Today is officially our last day of summer in the Pelayo household, as the girls start back to school tomorrow. We spent the day hanging out with our friends a few streets away, playing in the pool and just having fun. When I got home, I was perusing the many giveaways that my friends have posted on their blogs, and entered a few. Click here to enter two great ones on Just A Clip Away (Mimi Loves Sookie and GracieLuv Creations giveaways.) As I sat there entering away, I was inspired. I was looking at all the cute things up for grabs, and realized how much I long to really exercise my artistic talents more, in way ways other than cake :) I've ventured into nursery paintings (murals), step stools, plates, ornaments...and I love it all. But, I also know I would need to narrow it down to really be able to market correctly. I can't just be a one-woman show! Those thougths then got my mind rolling...man oh man do I need a job. I real job. One that sends paychecks on a regular basis. Was I crazy to give up teaching? NO WAY. The public school system is on its way down the drain around here and I want NO part in it. But geesh, it was nice to get that paycheck every few weeks. At what price should we sacrifice our mental and physical well being for a check? And it's not like part-time receptionist jobs are growing on trees right now, because if they were I'd be at the front of the line.

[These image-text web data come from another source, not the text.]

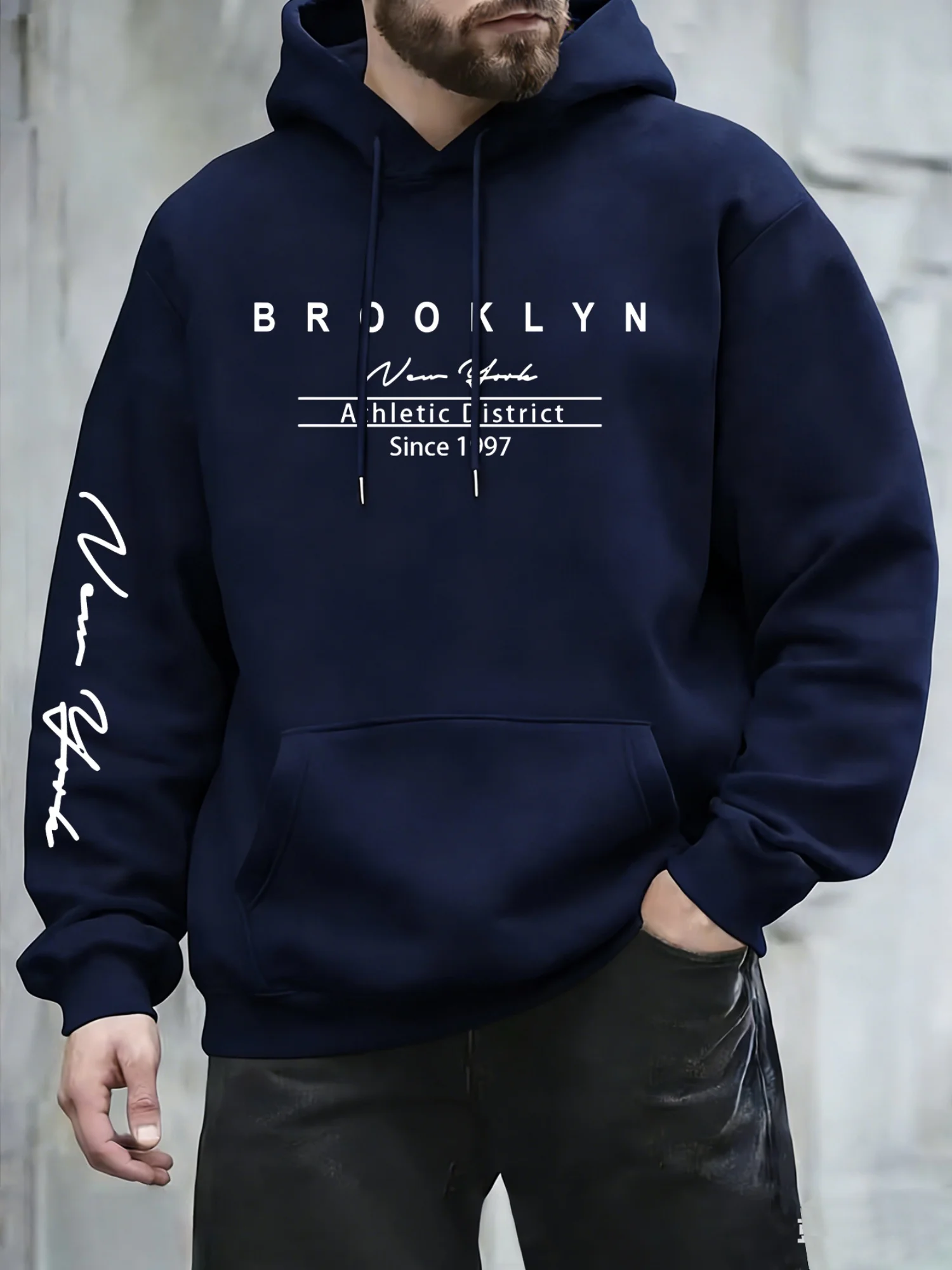 Urban fashion men's hoodie on the streets of New York. Simple text signature print. Loose and comfortable long-sleeved hoodie.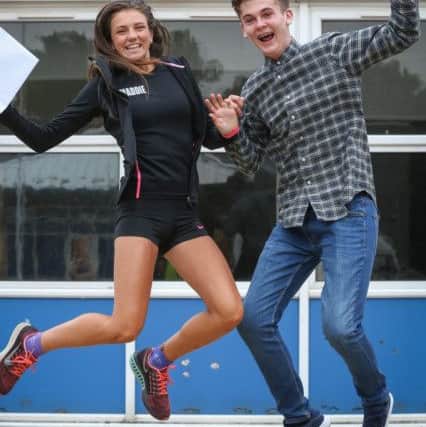 Maddie Mastrolonardo and Reece Gildroy jump for joy at their GCSE results at Caedmon College, Whitby. w163601a Picture: Ceri Oakes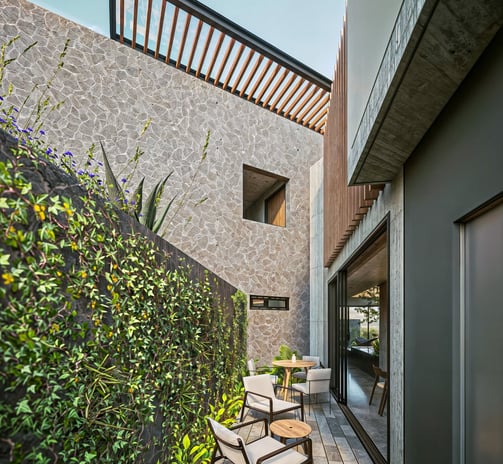 terraza de casa con materiales de piedra, concreto y piedra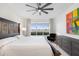 Main bedroom with large bed and city view at 231 Riverside Drive # 101-1, Holly Hill, FL 32117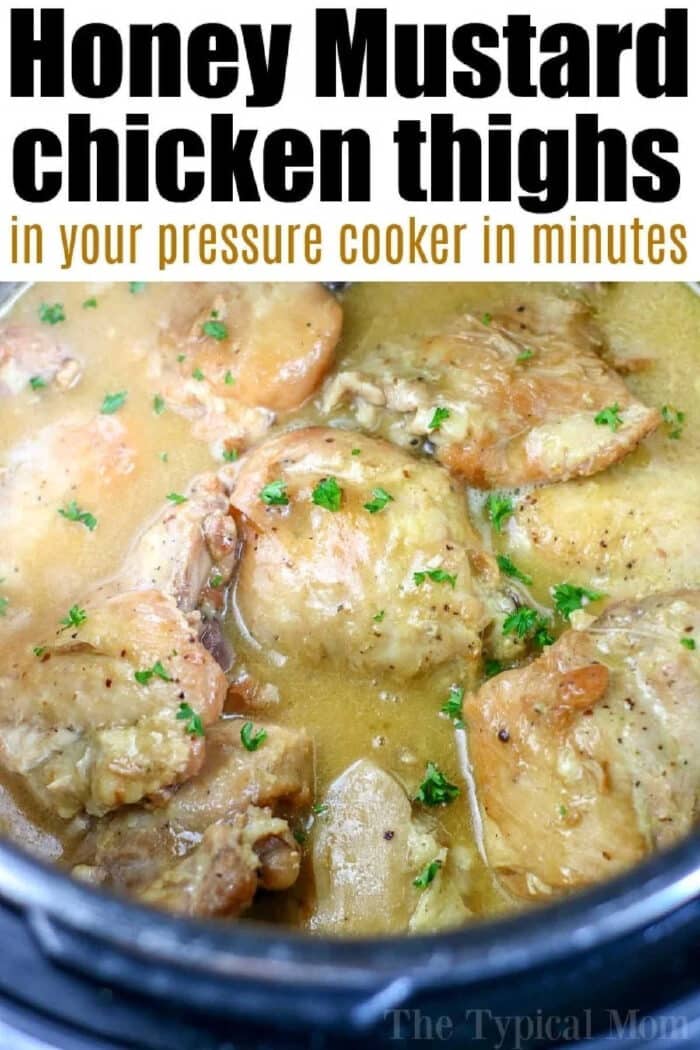 Honey mustard chicken is so simple! A one pot meal you can throw into your Instant Pot and have a healthy meal done in less than 20 minutes. #instantpot #pressurecooker #chicken #honeymustard #instantpotrecipes #chickenthighs #ninjafoodi #thetypicalmom Instant Pot Honey Mustard Chicken thighs are cooked in a pressure cooker with a sweet and tangy sauce, then garnished with chopped parsley.
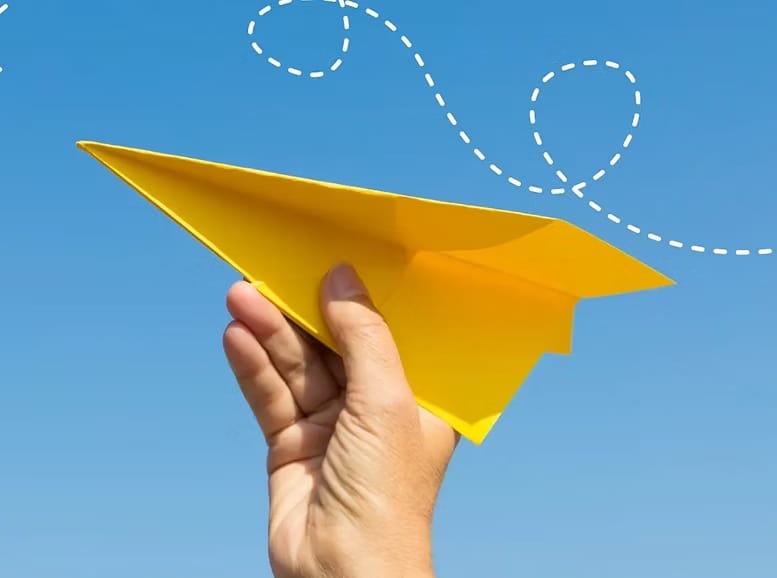 hand holding paper plane line white dotted lines
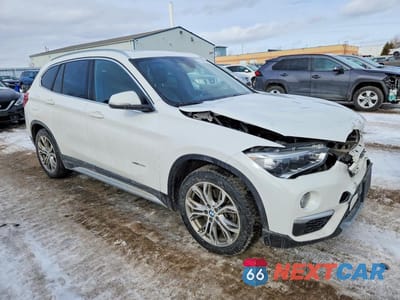 Czwarte zdjęcie samochodu z boku: 2018 BMW X1 XDRIVE28I VIN:WBXHT3C33J5K25778 - miniatura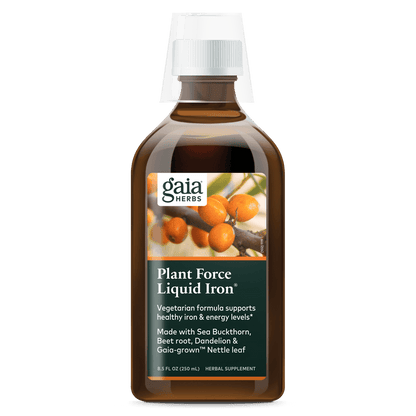 A bottle of Gaia Herbs Plant Force Liquid Iron supplement with a label showing the product name and an image of plants.
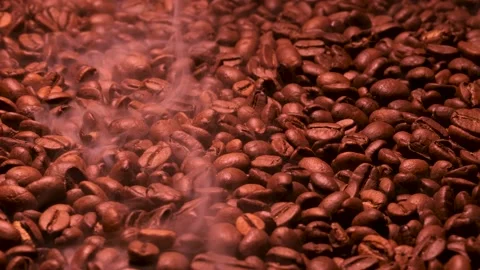 Aromatic smoke comes out from roasting coffee. Stock Footage 168163387
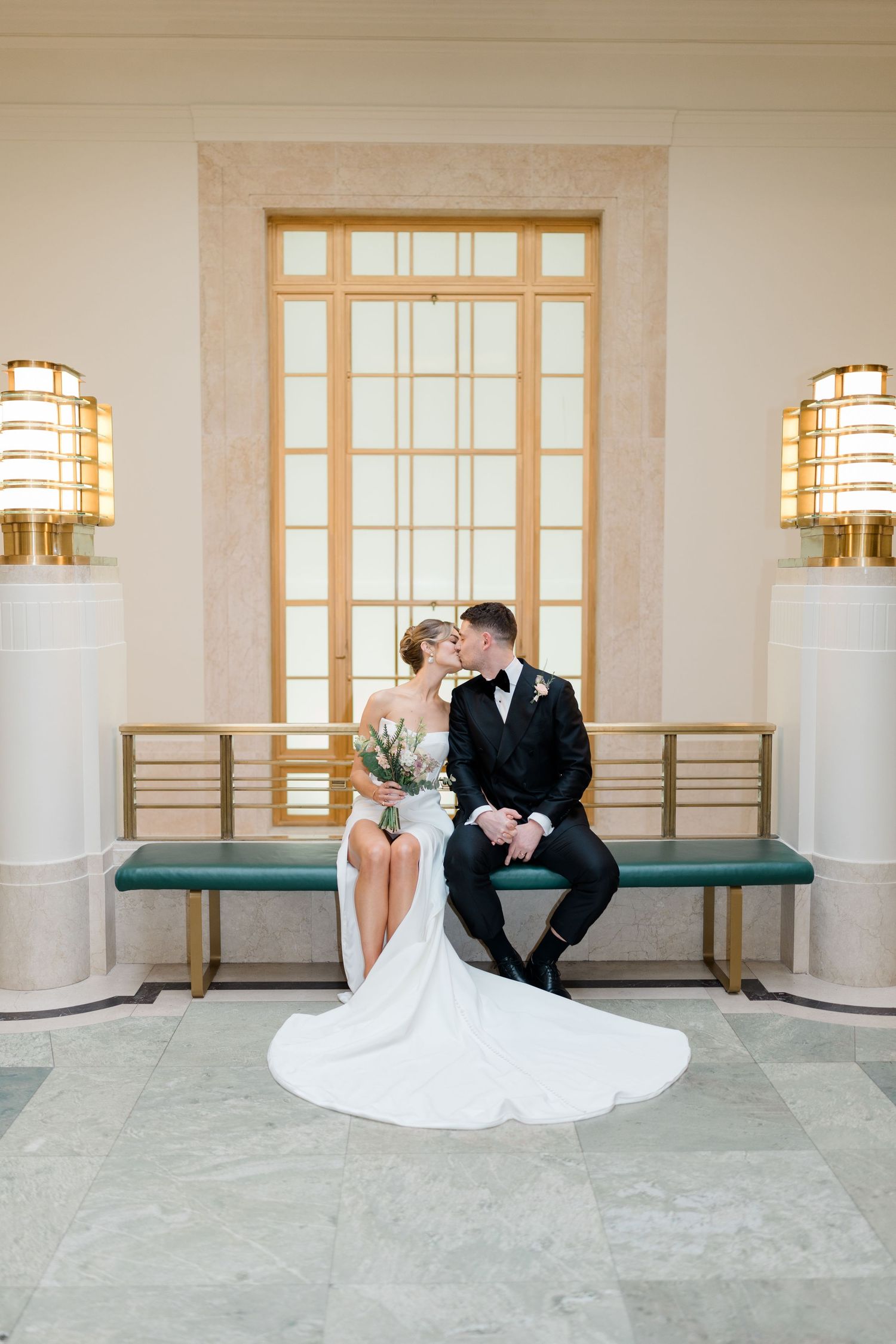 Elegant wedding couple sits on green bench in front of large window with decorative wall sconces in formal venue.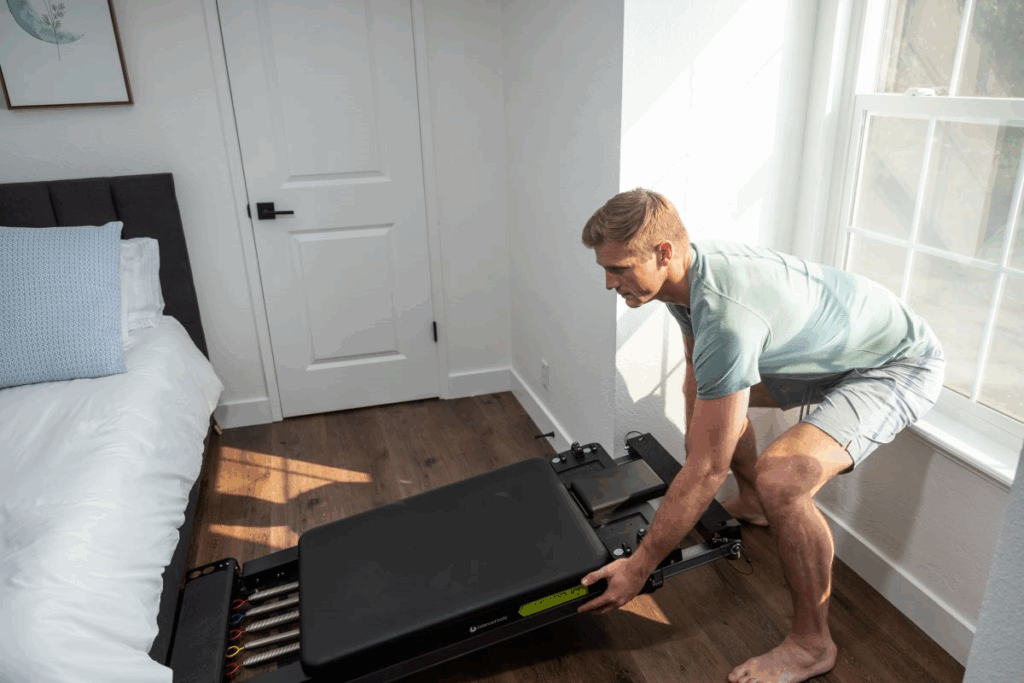 Vīrietis pielāgo Metro IQ Reformer mājas apstākļos.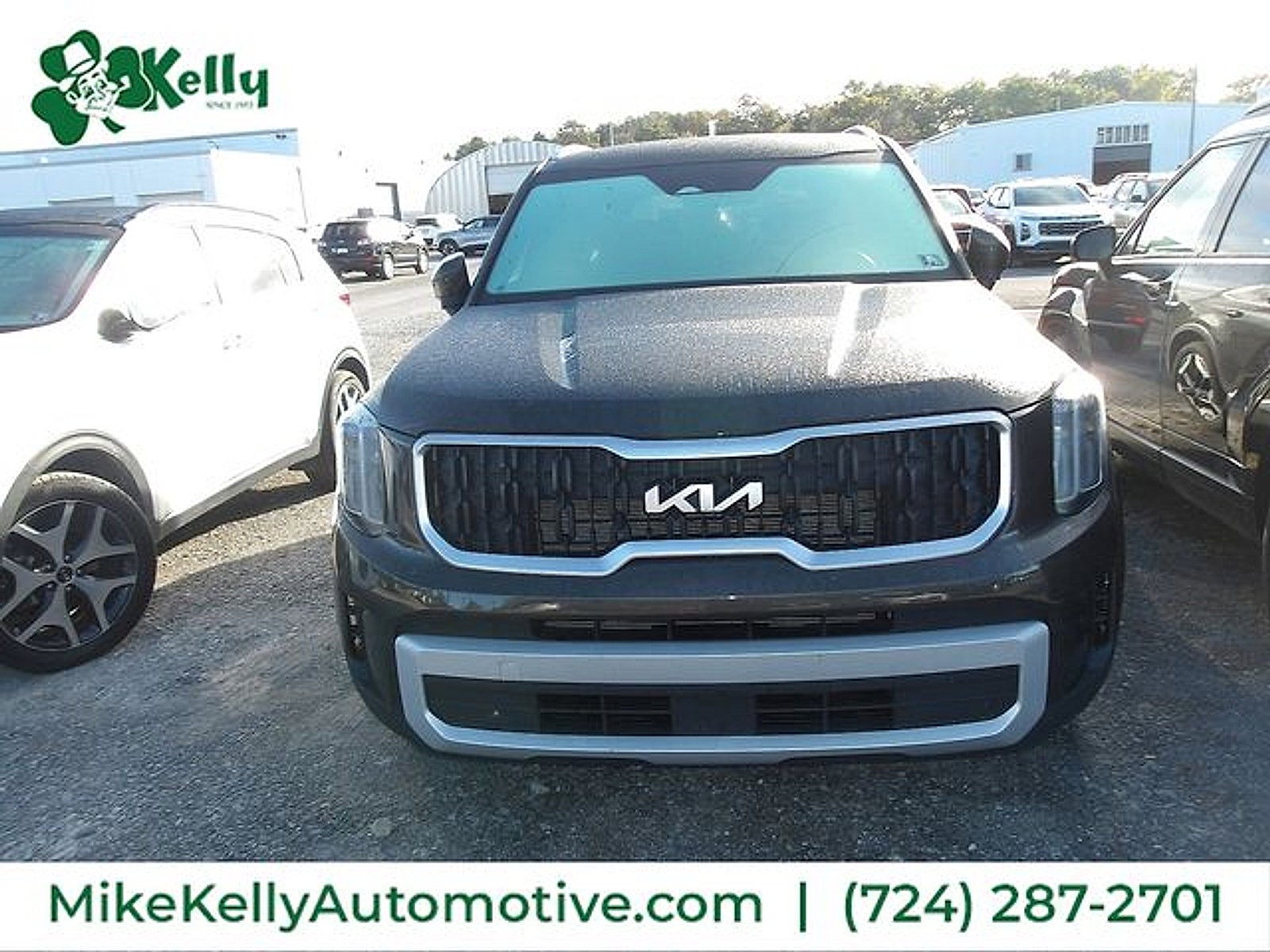 2023 Kia Telluride EX in Dark Moss — front three-quarter view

There are so many things I want to do: go to nursing school, go to beauty school, open a cake shop, start a party planning business, travel the world, have more kids, work as a receptionist and not have to take any work home with me each night, paint kids rooms and nurseries, etc etc etc...so how do you choose? I'm not old, but I'm not getting any younger, either, and I'd really like to know what direction my life is going in by the time I'm 30...
I'm pretty daggone confused...anyone else in that boat with me?